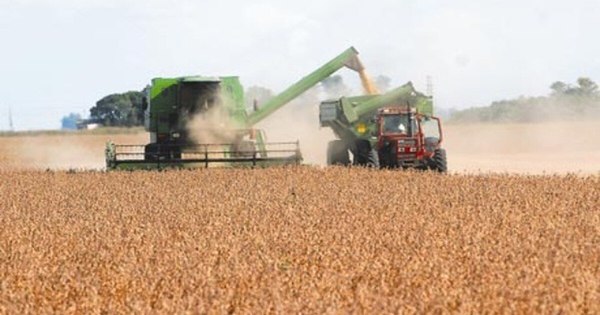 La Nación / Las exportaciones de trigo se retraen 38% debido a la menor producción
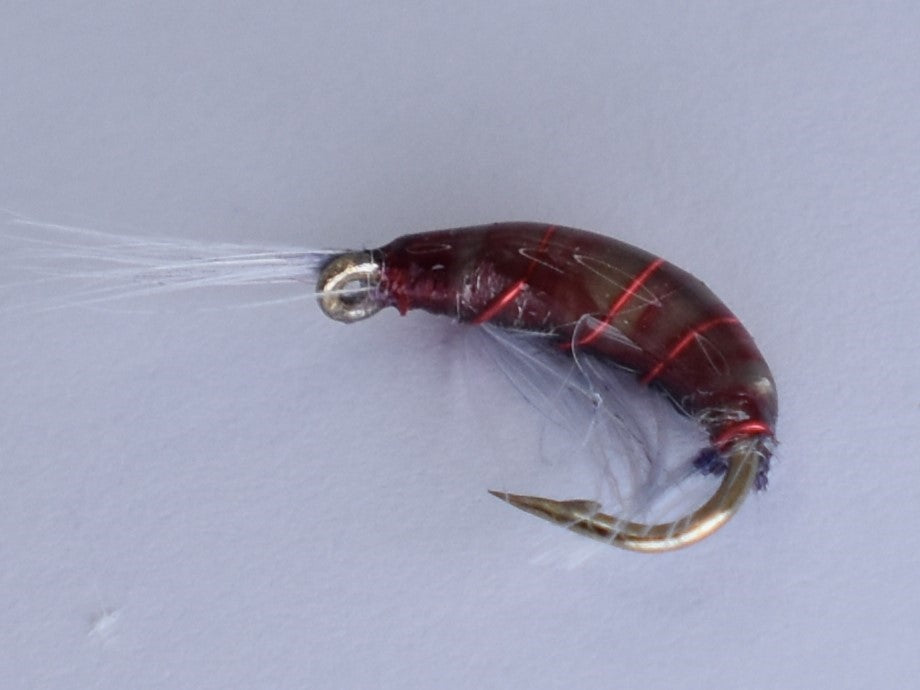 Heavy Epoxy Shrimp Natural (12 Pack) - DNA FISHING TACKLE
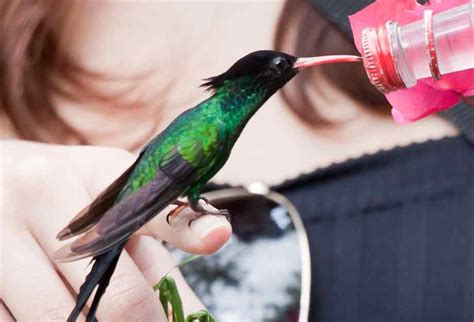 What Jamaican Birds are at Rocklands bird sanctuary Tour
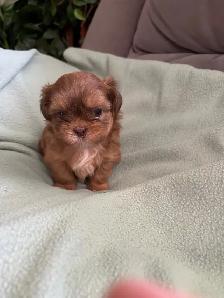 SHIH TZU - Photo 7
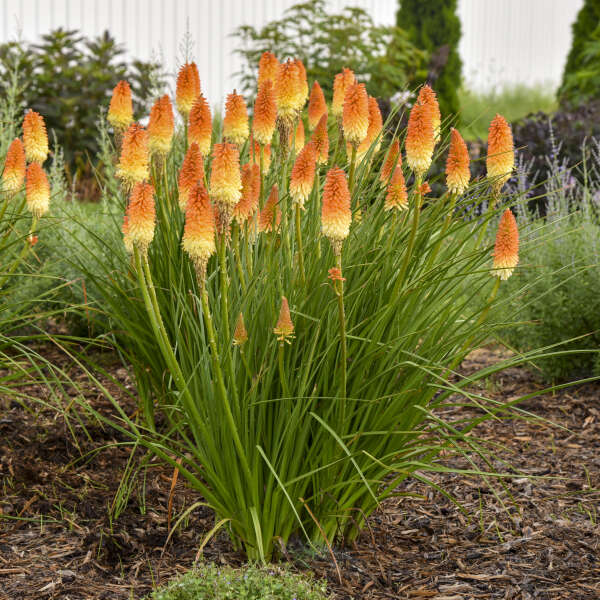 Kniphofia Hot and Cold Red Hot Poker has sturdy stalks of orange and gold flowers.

....

• **Task**:
Repeat only the lines from the line with "SHIH TZU - Photo 7" to the end of the entries, including both the first and the last line, and drop every picture.

• **Worked solution**:
 SHIH TZU - Photo 7
 Kniphofia Hot and Cold Red Hot Poker has sturdy stalks of orange and gold flowers.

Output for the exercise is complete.